_ACTIVITY_: Every line from the one containing "Bath Towel Sea Shells" to the end of the records below should be returned exactly; pictures are to be dropped.

::: THE DATA

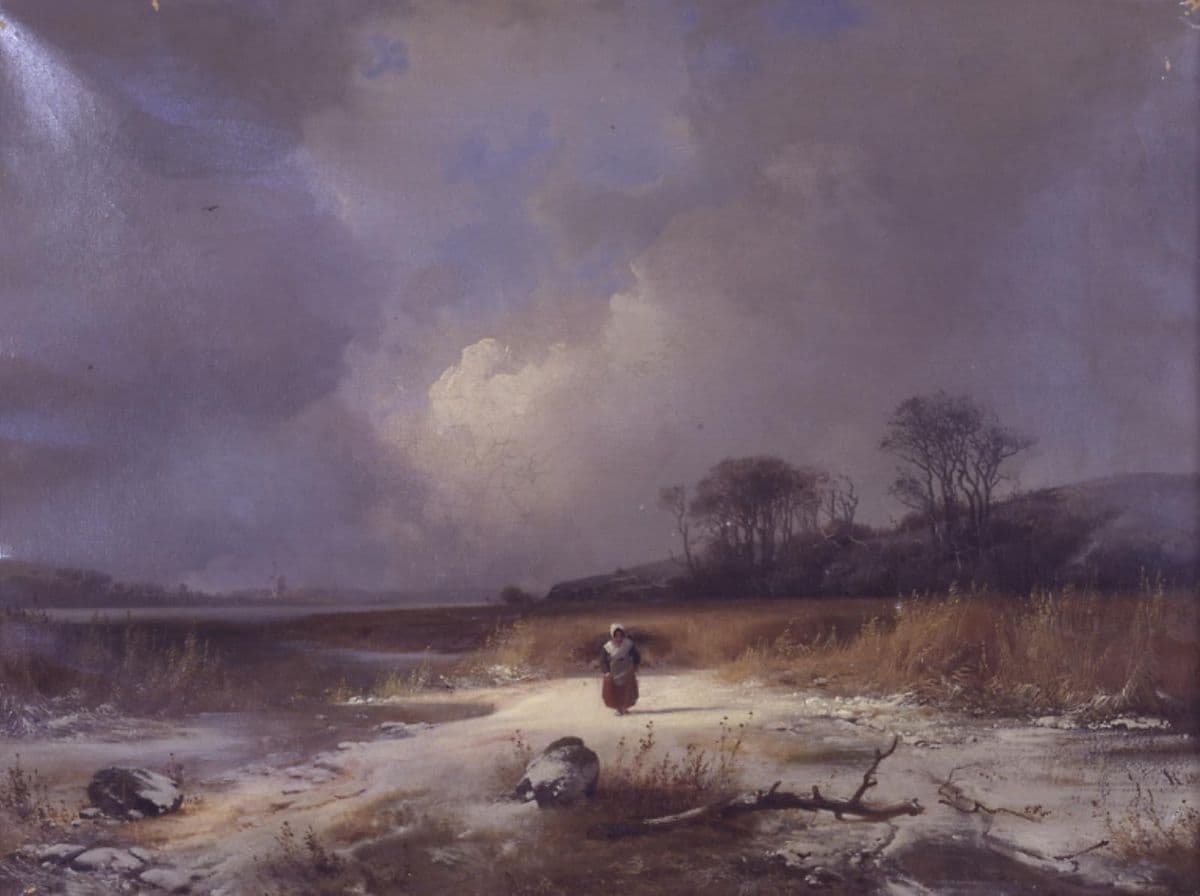 Vinterlandskab — Frederik Rohde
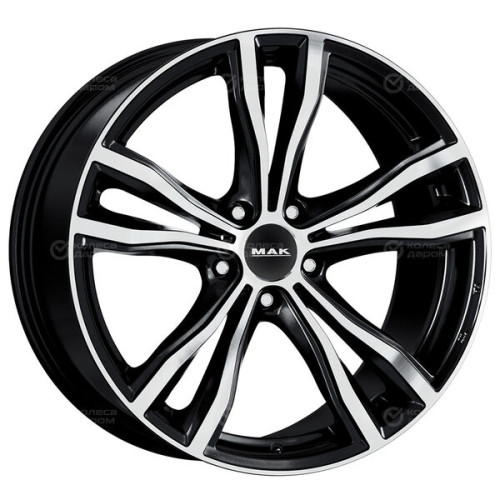 Колесный диск MAK X-Mode 9.5xR21 5x112 ET37 DIA66.6 черный глянцевый с полированной лицевой частью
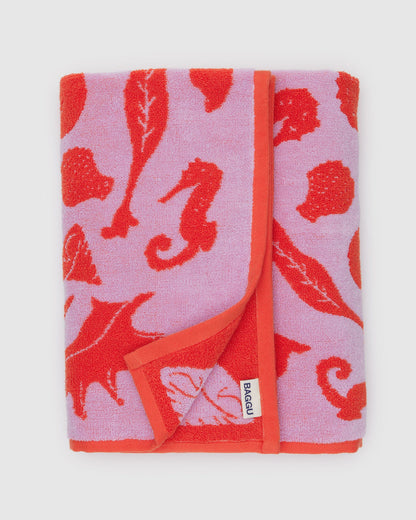 Bath Towel Sea Shells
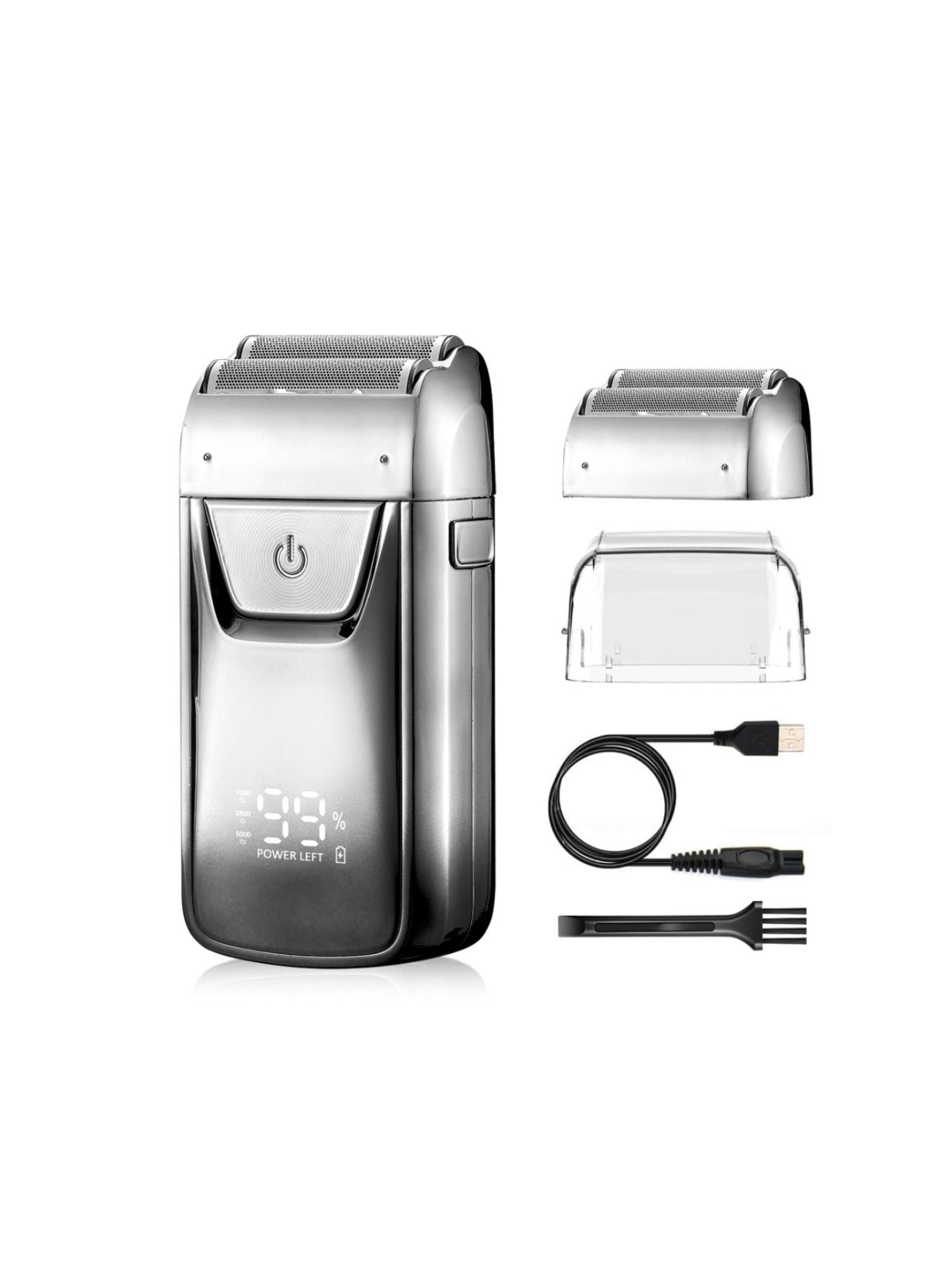 Electric Shaver with LED Display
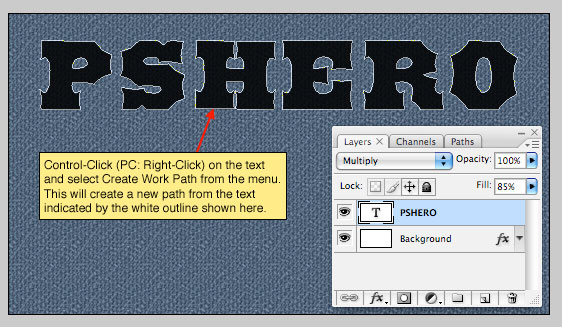 Text In Stitches, Text Effects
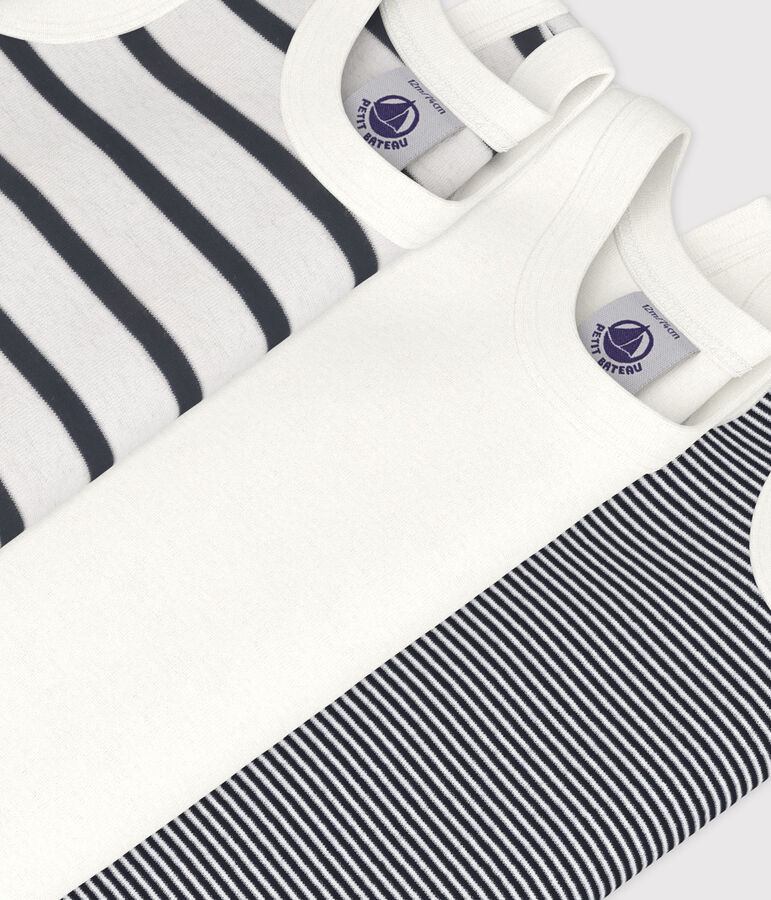 Lot de 3 bodies sans manches b&eacute;b&eacute; multicouleur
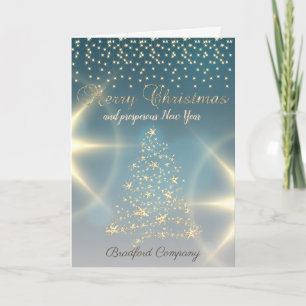 Merry Christmas,Christmas Tree, Lights Company Holiday Card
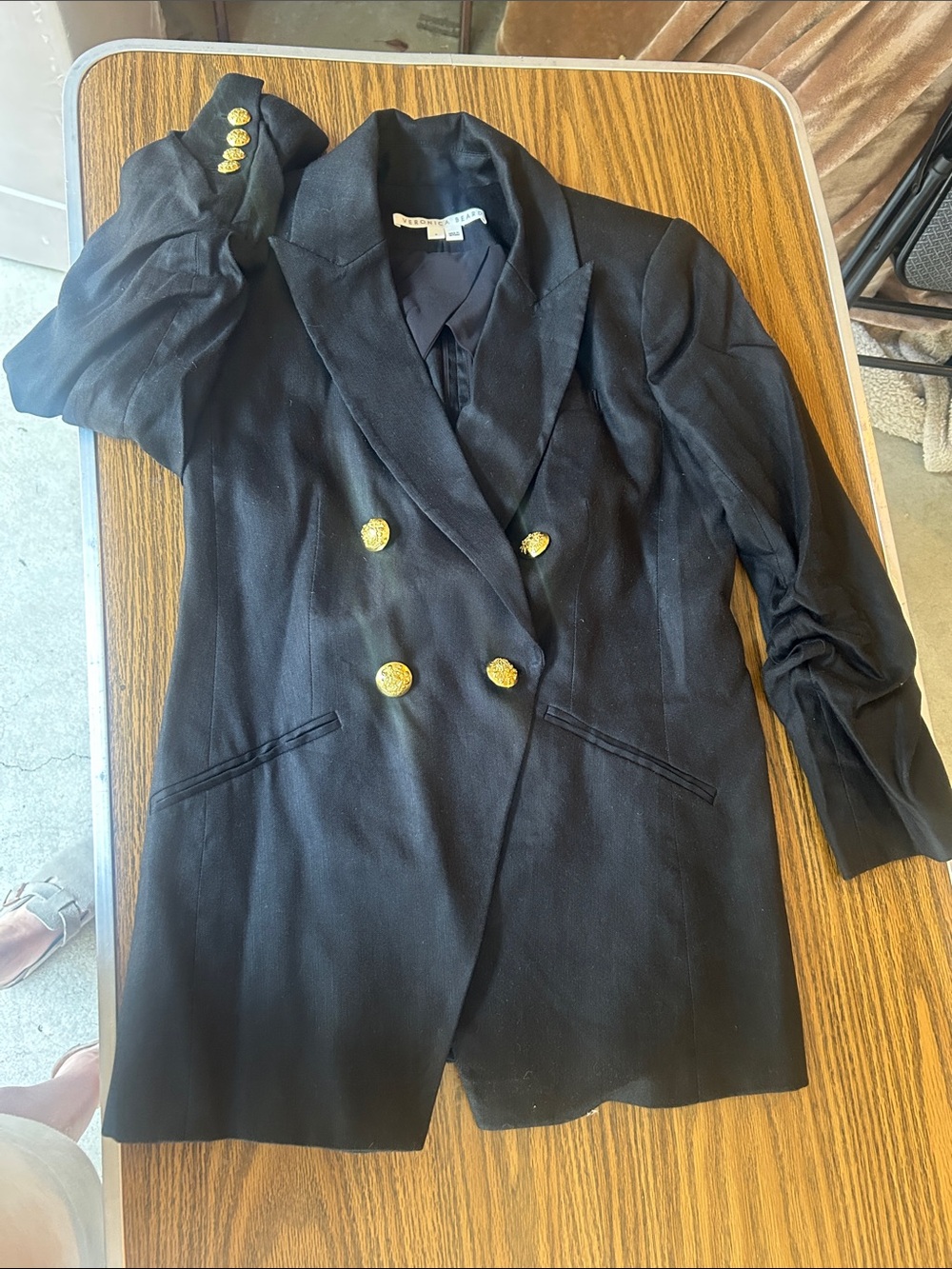 Veronica beard linen jacket blazer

::::::

_TASK RESULT_:
 Bath Towel Sea Shells
 Electric Shaver with LED Display
 Text In Stitches, Text Effects
 Lot de 3 bodies sans manches b&eacute;b&eacute; multicouleur
 Merry Christmas,Christmas Tree, Lights Company Holiday Card
 Veronica beard linen jacket blazer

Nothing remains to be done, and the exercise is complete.